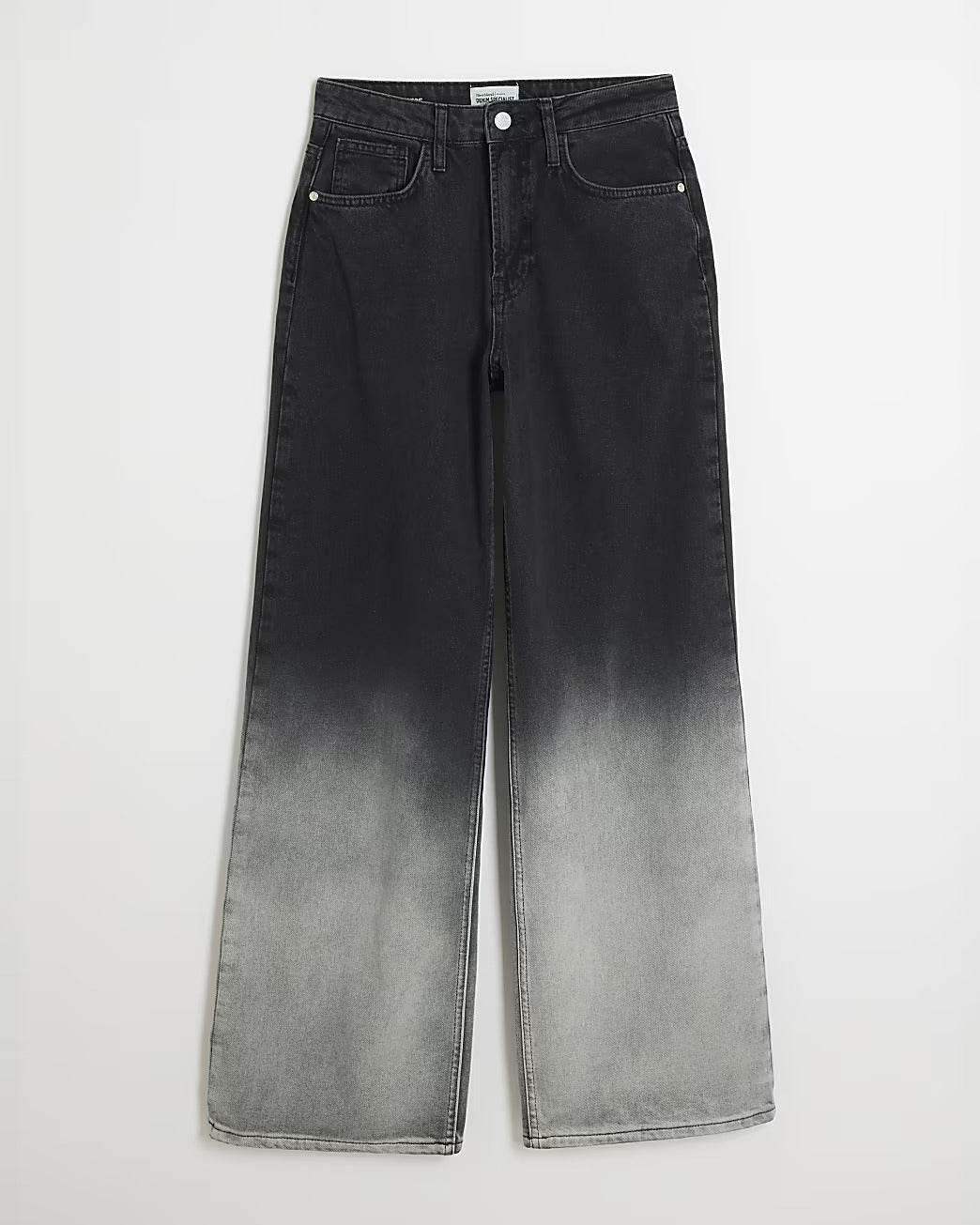 LT1K Black Two-Tone Wide-Leg Jeans (Stitched Hem). (Minor Fault) - lessthan1thousand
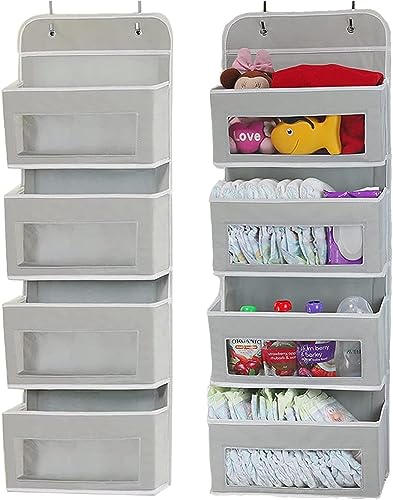 SANON Organizador Armario Colgante，4 Bolsillos Y Ganchos MetáLicos Organizador Armario Bebe,Organizador BañO Colgar de Puerta Ahorro de Espacio,Almacenamiento Vertical 2 Piezas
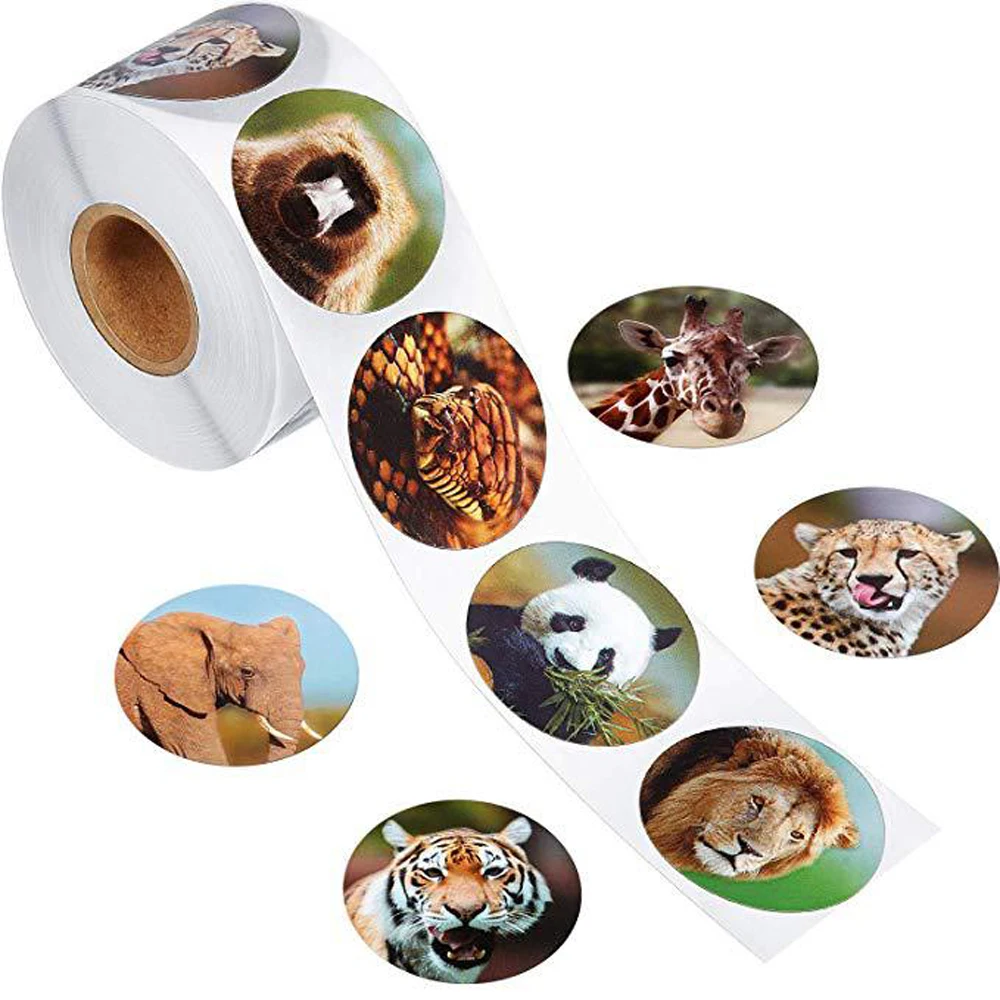 

50-500pcs zoo Animals cartoon Stickers for kids classic toys sticker school teacher reward sticker 8 designs pattern tiger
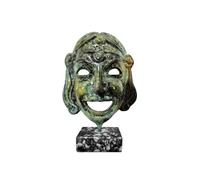 IconsGr Statue de musée grec antique en bronze réplique du masque de théâtre de la comédie (1410)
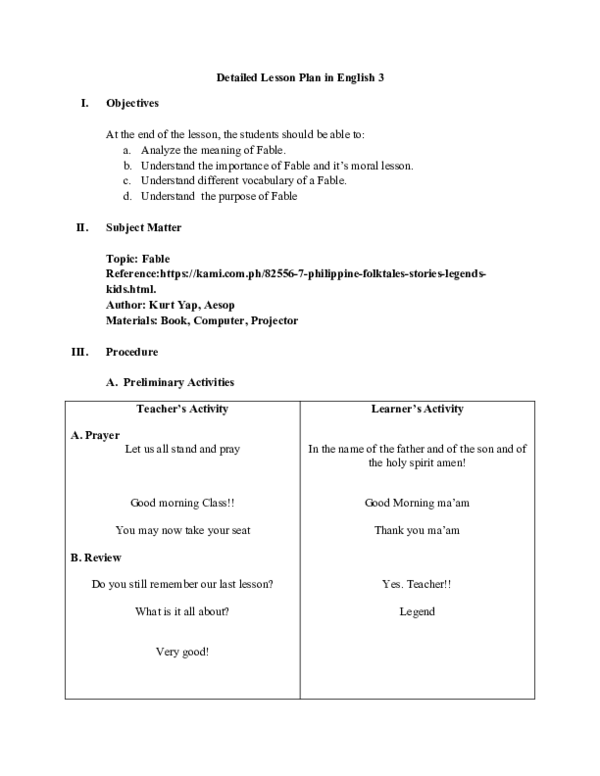 (DOC) Detailed Lesson Plan in English 3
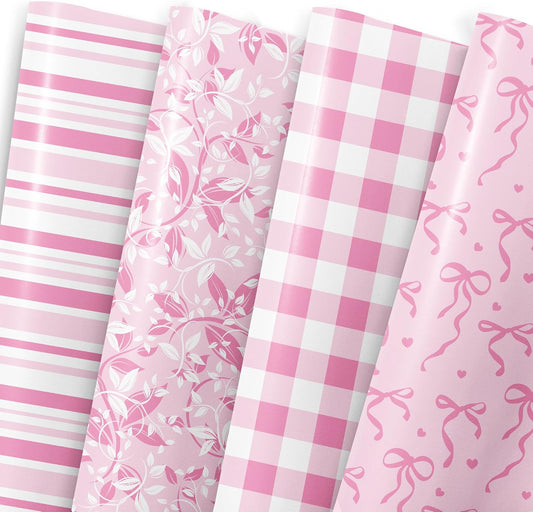 MotiGiftie Pink Wrapping Paper Sheet - 8 Sheets Folded Flat Gift Wrap with Cute Ribbon Bow, Pink Plaid, Stripes and Leaves Design for Girl Baby Shower, Birthday, Wedding - 20 X 28 Inch Per Sheet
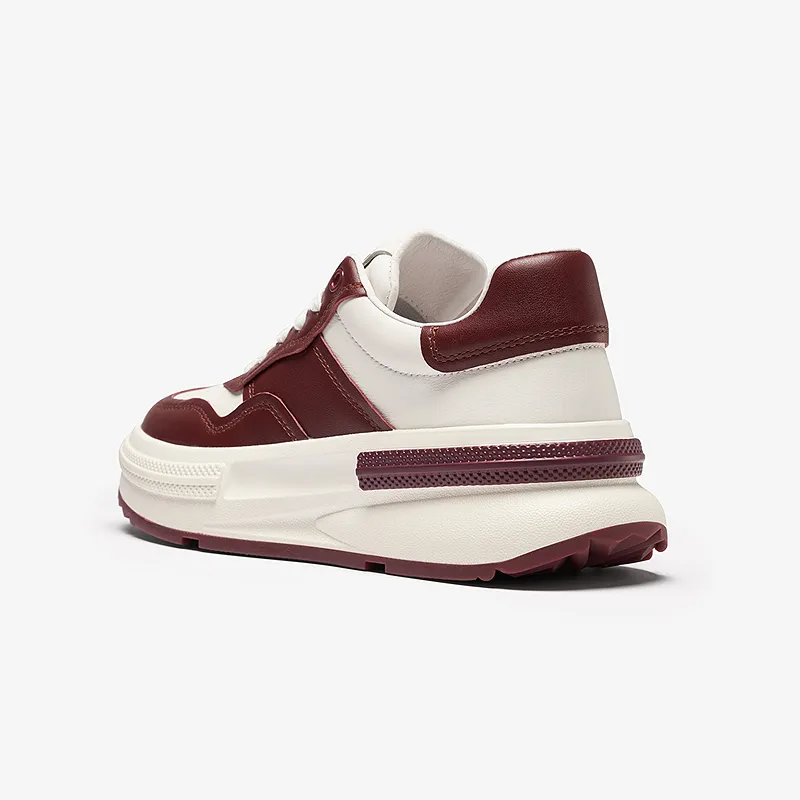 Le Saunda Lightweight Height Increasing Low Top Skateboard Shoes Women's Red-12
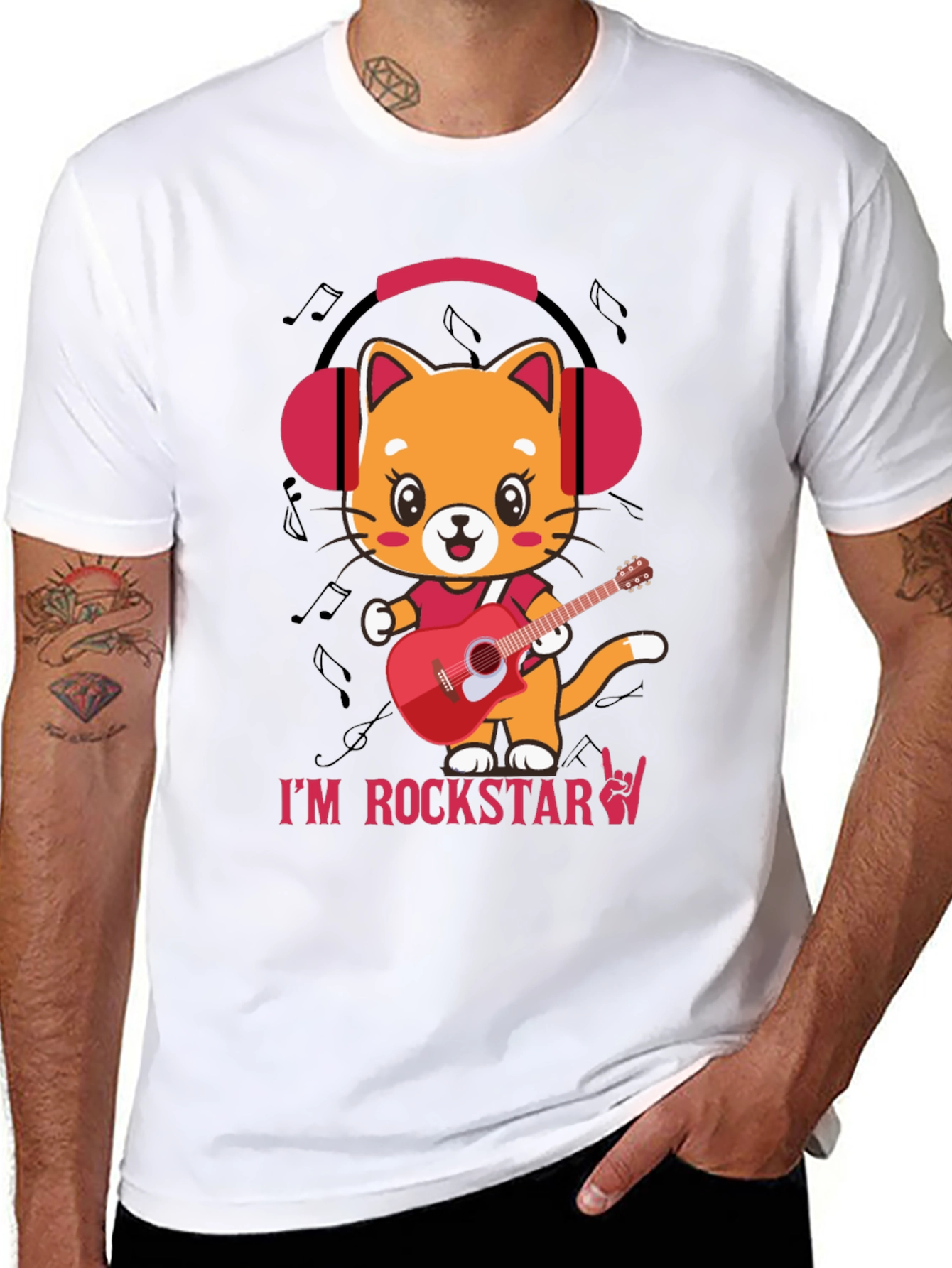 Cat Rockstar Graphic T-Shirt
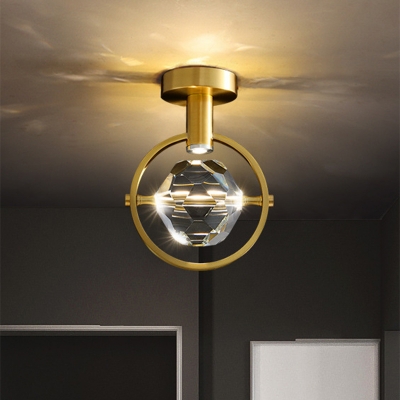 Beveled Cut Crystal LED Ceiling Flush Simple Brass Circle/Semicircle Foyer Semi Flush Mount Light Fixture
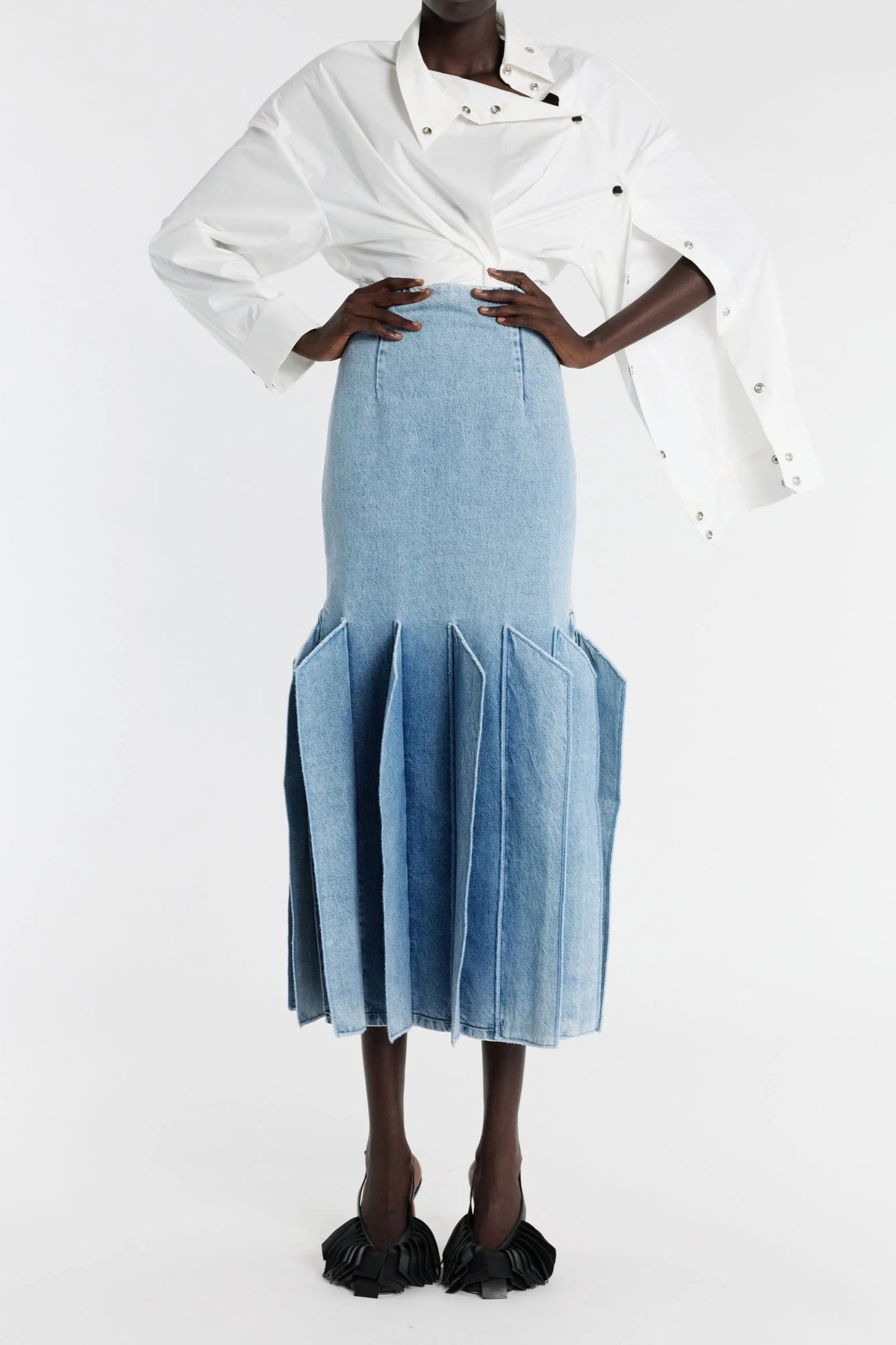 Windmill-patterned Denim Midi Skirt
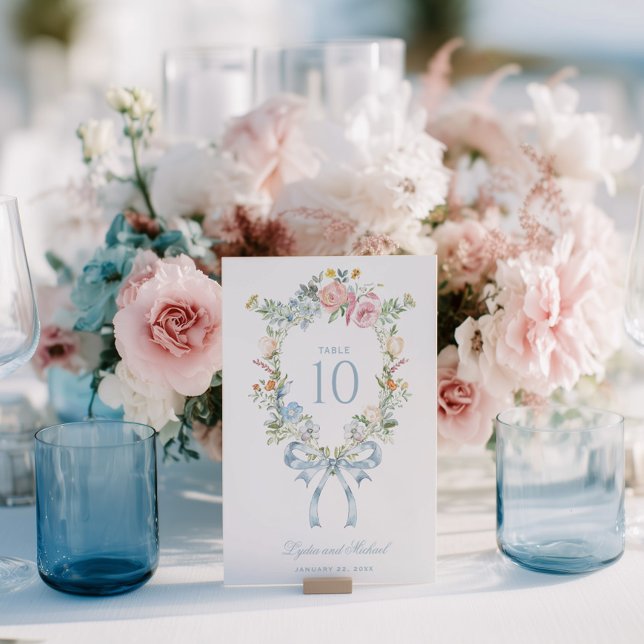 Elegant Floral Wreath Crest Monogram Table Number (Creator Uploaded)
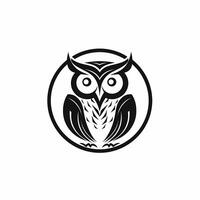 Owl Black And White Logo. photo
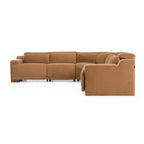 Horton - Modern Brown Fabric Sectional Sofa with 3 Recliners
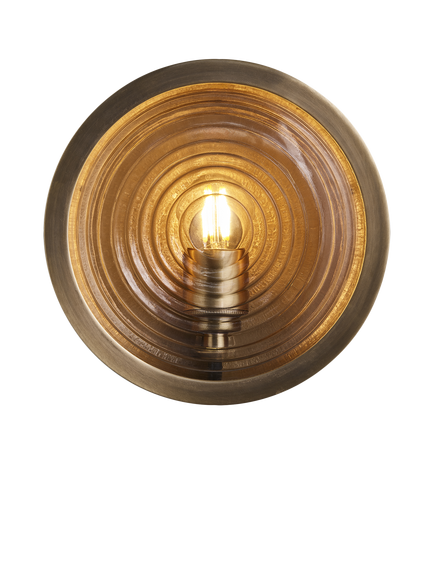 Industville Bulkhead Outdoor/Bathroom Ripple Glass Wall Light, Brass, Brass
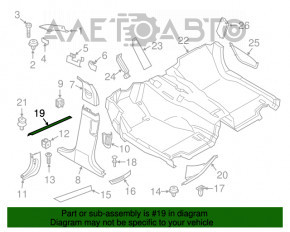 Capac prag interior fata stanga BMW 5 F10 11-16 alb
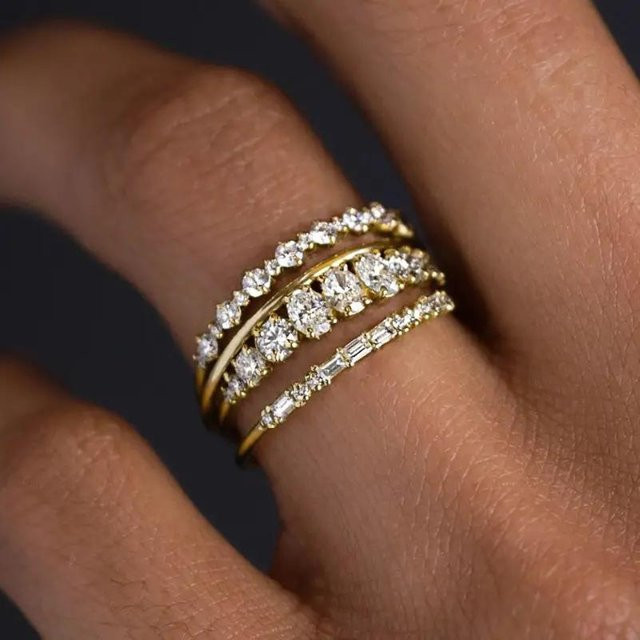 Huitan Ringe Set, Gold, Zirkonia, Damen - Bild 1
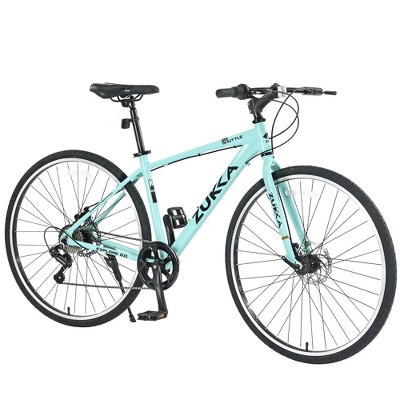 YONWAY 28 Inch Hybrid Bike,7 Speed Faster Racing Bike,Aluminum Alloy Frame Double Disc Brakes For Men Women Student, Sport Bike To School Work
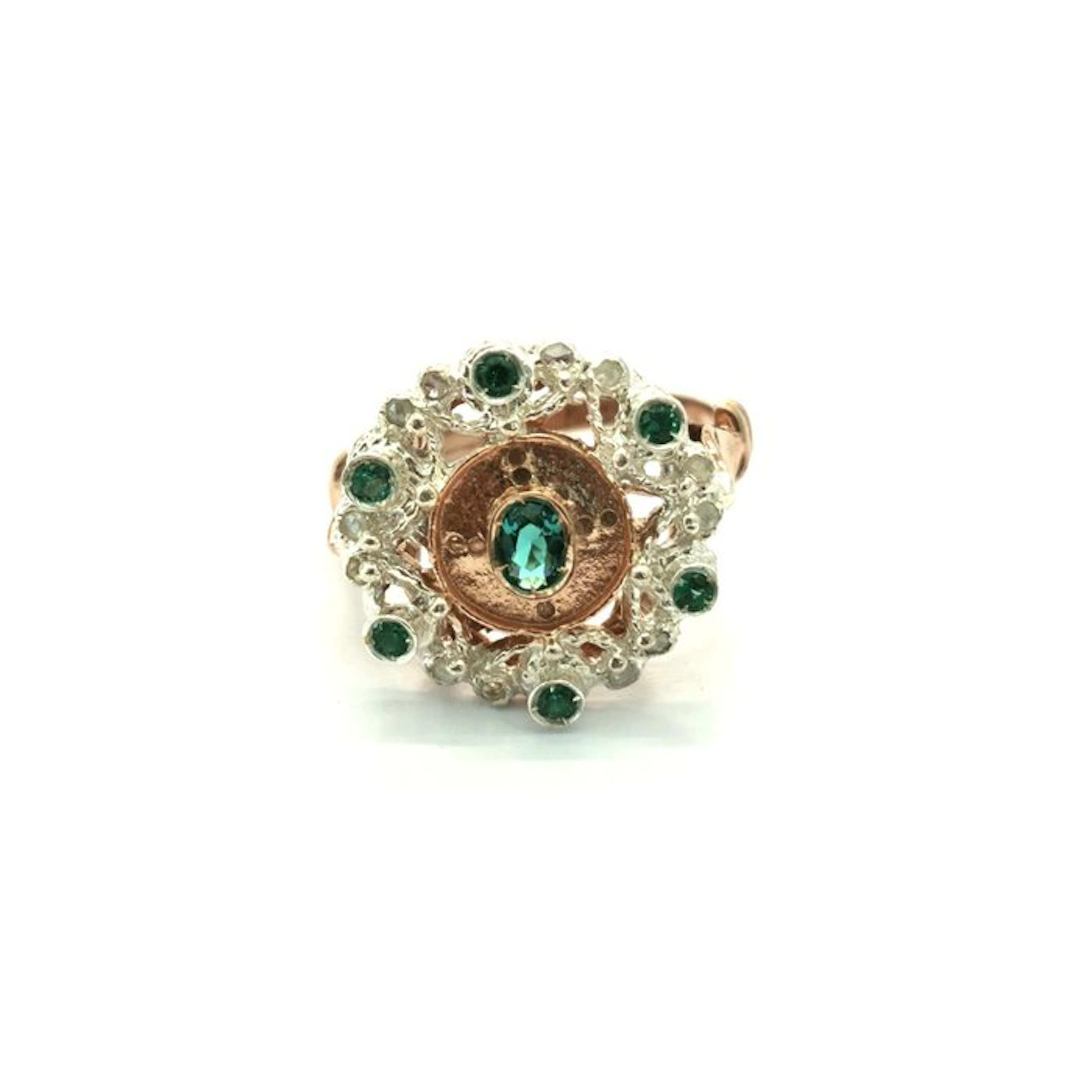 No reserve price - Ring - 9 kt. Rose gold, Silver Spinel - Diamond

→ Try it
Begin at the line containing "Huitan Ringe Set, Gold, Zirkonia, Damen" and transcribe exactly every line through the end of the records, both ends included, leaving the pictures out.

→ Response to the task
 Huitan Ringe Set, Gold, Zirkonia, Damen - Bild 1
 YONWAY 28 Inch Hybrid Bike,7 Speed Faster Racing Bike,Aluminum Alloy Frame Double Disc Brakes For Men Women Student, Sport Bike To School Work
 No reserve price - Ring - 9 kt. Rose gold, Silver Spinel - Diamond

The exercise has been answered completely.